Without getting into too much math, it is impossible for us to get into this situation if our decisions are driven by an objective function. Our objective function cares only about the state of the world, and not what choices you made to get there - i.e., m(A) = m(W -> Y), and m(B) = m(X -> Y). Thus, if we consider m(A) > m(B), we will also consider m(W -> Y) > m(X -> Y), and vice versa if m(B) > m(A). See here and here for more details.

What Hypst should have done

At the beginning of their testing program, Hypst should have decided what their overall goal is. All else held equal, it's always better to have more invitations, more clicks on the like button, and more interaction with the Irony Feed. But in the real world, all else was not held equal. In each experiment, one of these factors went up while the others went down.

What Hypst should have done was choose an objective function. The objective function represents their overall goals and tradeoffs.

For example, suppose Hypst values 1 invitation the same as 5 "I liked it before it was cool" clicks or 10 Irony Feed interactions. They might choose the objective function:

m = 10 x invitations + 2 x "like clicks" + 1 x ironic interactions

Now suppose they used this objective function for their tests.

The first test would have increased invitations by 20%, and reduced like clicks and ironic interactions by 10% each. Suppose that to begin, there were 20 invitations, 100 likes and 100 ironic interactions. To begin with, m=700. After the first test (the 20% improvement on the invitations), m would improve to 750.

The second test would increase likes by 20%, but reduce everything else by 10%. This would reduce the objective function from 750 to 729, leading the second modification to be rejected. That is because, as an early stage startup, Hypst values invitations a lot but likes considerably less. The increase in likes is just not worth the decrease in invitations.

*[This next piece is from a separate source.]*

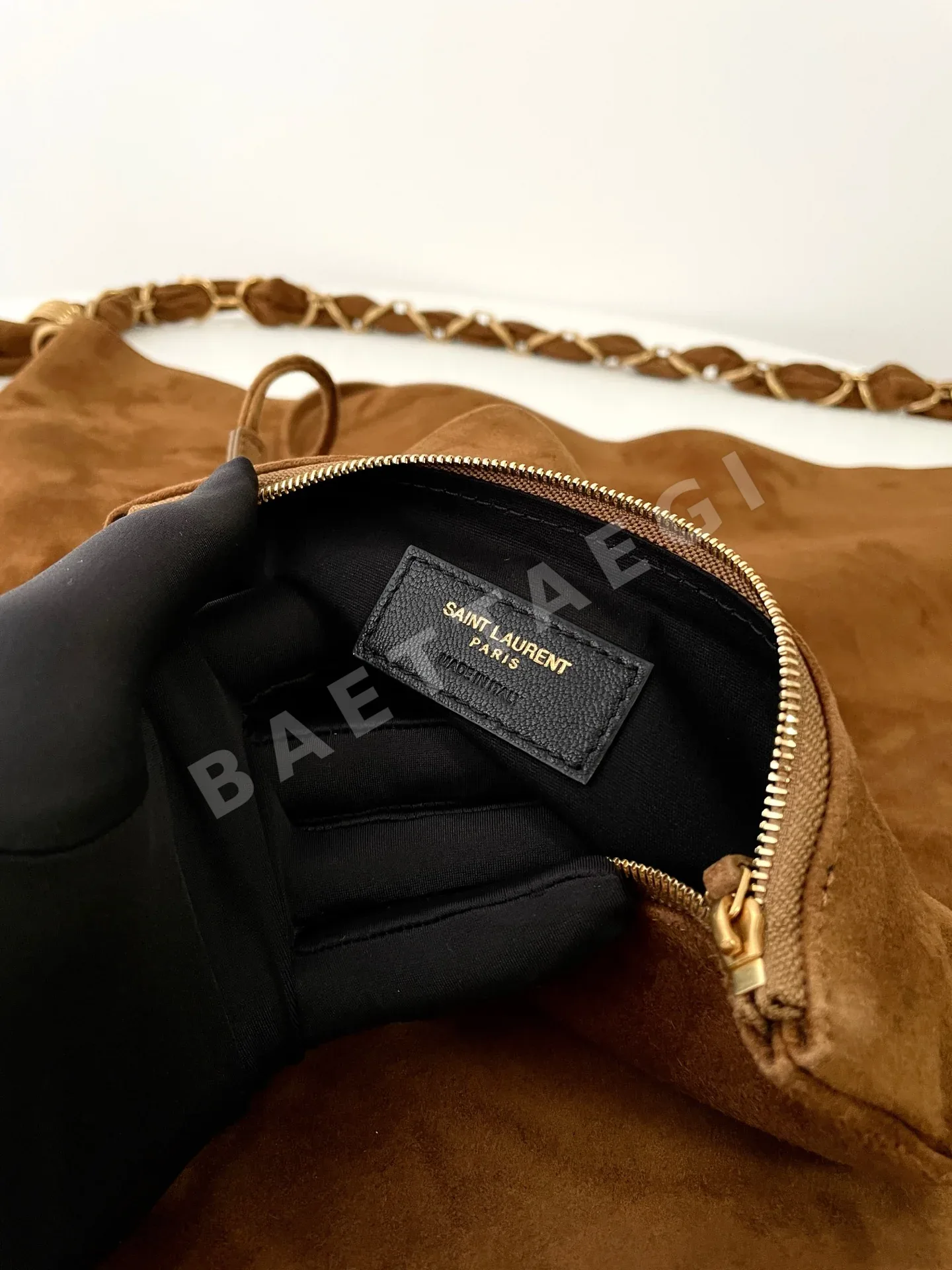 생로랑 카라멜 스웨이드 토트백 상세 이미지 8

Similarly, the modification (the wider Irony Feed) would increase ironic interactions by 20% but likes and invitations by 10%. This would reduce the objective function from 750 to 702, leading Hypst to reject the modified Irony feed as well.

At the end of the day Hypst has chosen to keep the "invite only your cool friends" button, but discard the green "liked it before it was cool" button and the wider Irony feed. As a result, they now have 20% more invitations, 10% fewer likes and 10% fewer ironic interactions. Because they value invitations more than likes and irony, this is considered a success - presumably Hypst is increasing it's user base.

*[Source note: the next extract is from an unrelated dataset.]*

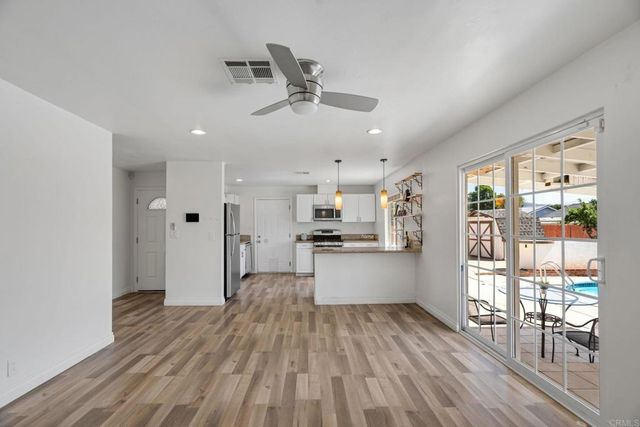 2009 Paddy Place, Escondido, CA 92027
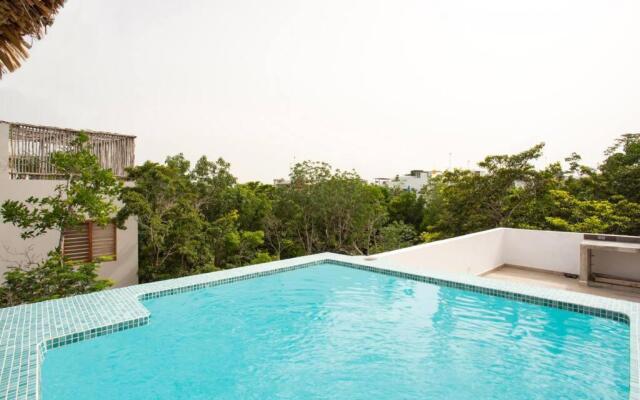Exclusive 4 Br. Townhouse + Rooftop & Private pool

That's considerably better than their previous decisionmaking procedure which resulted in a decrease in all categories. That's a clear failure.

Conclusion

The world is too complicated to reduce to a single number - this claim is not in dispute. Defining an objective function is not about reducing the world to a single number. It's about reducing your decision process to a single function (of potentially many inputs). It's nothing more than a way to keep yourself honest and consistent. It is only the first step in making good decisions, but it's an essential one.

In future posts I'll describe the properties of a good metric.